## Exercise material

►

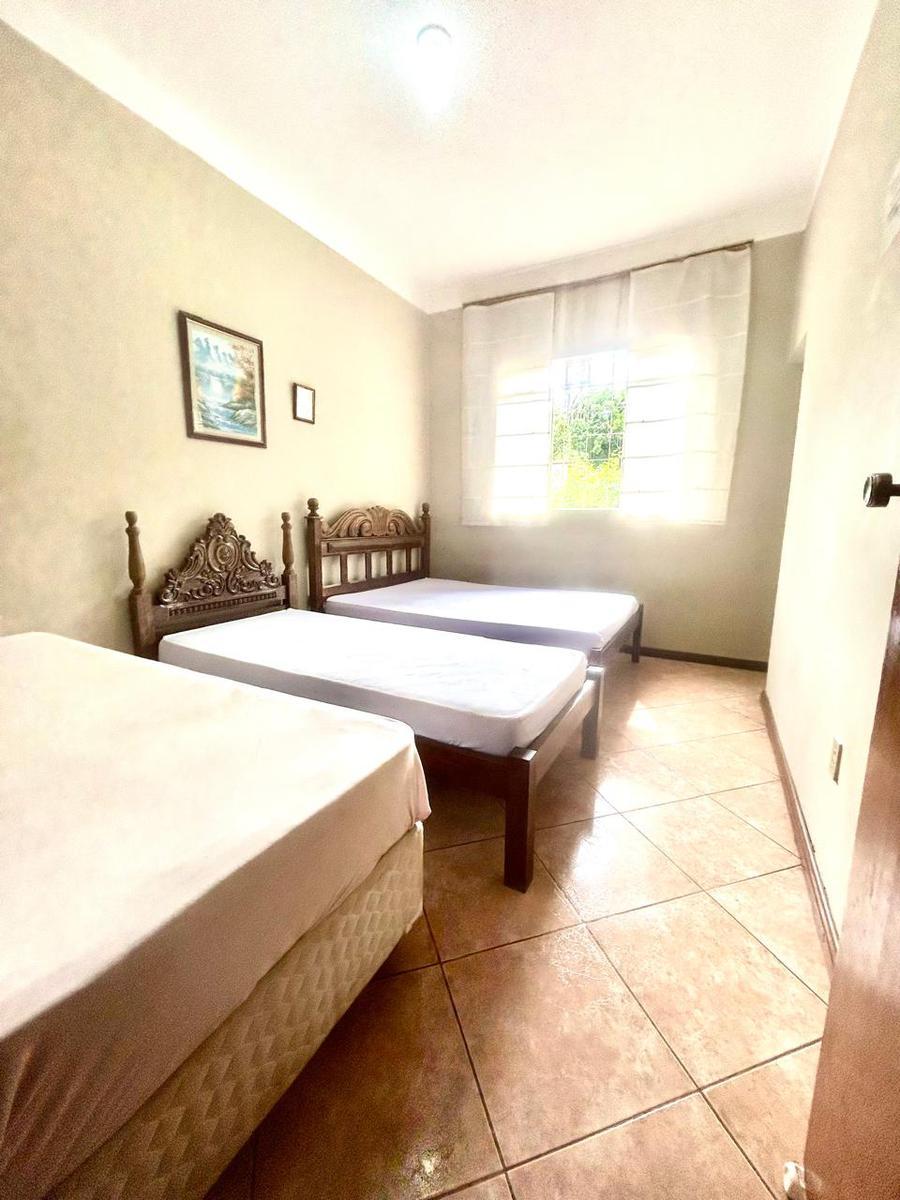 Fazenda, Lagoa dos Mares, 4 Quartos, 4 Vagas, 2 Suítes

◄
►

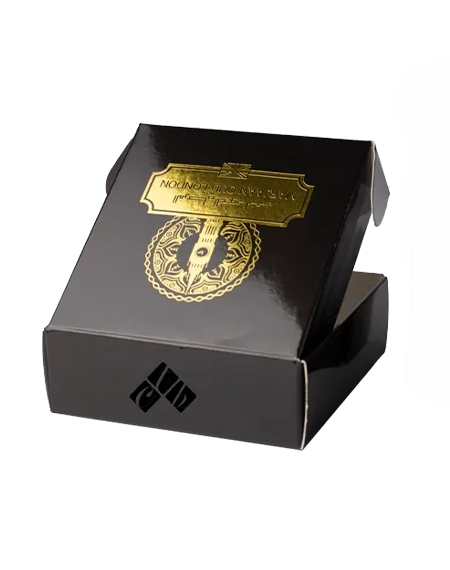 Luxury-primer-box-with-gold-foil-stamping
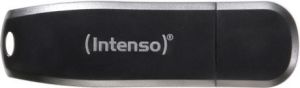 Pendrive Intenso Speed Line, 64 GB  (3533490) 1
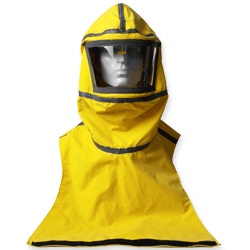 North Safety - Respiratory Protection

◄
►

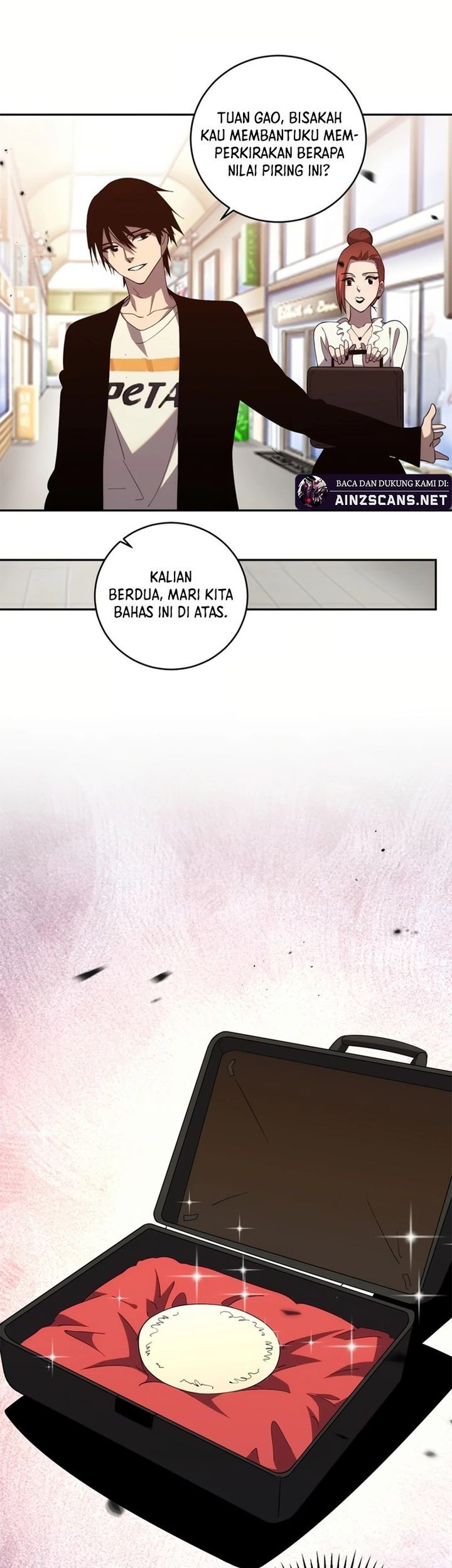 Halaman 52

◄

## Problem statement
Using the data above, which lines fall from the one with "Luxury-primer-box-with-gold-foil-stamping" through the one with "North Safety - Respiratory Protection"? Repeat them exactly, ends included, minus any pictures.

## Solution to the exercise
 Luxury-primer-box-with-gold-foil-stamping
 Pendrive Intenso Speed Line, 64 GB  (3533490) 1
 North Safety - Respiratory Protection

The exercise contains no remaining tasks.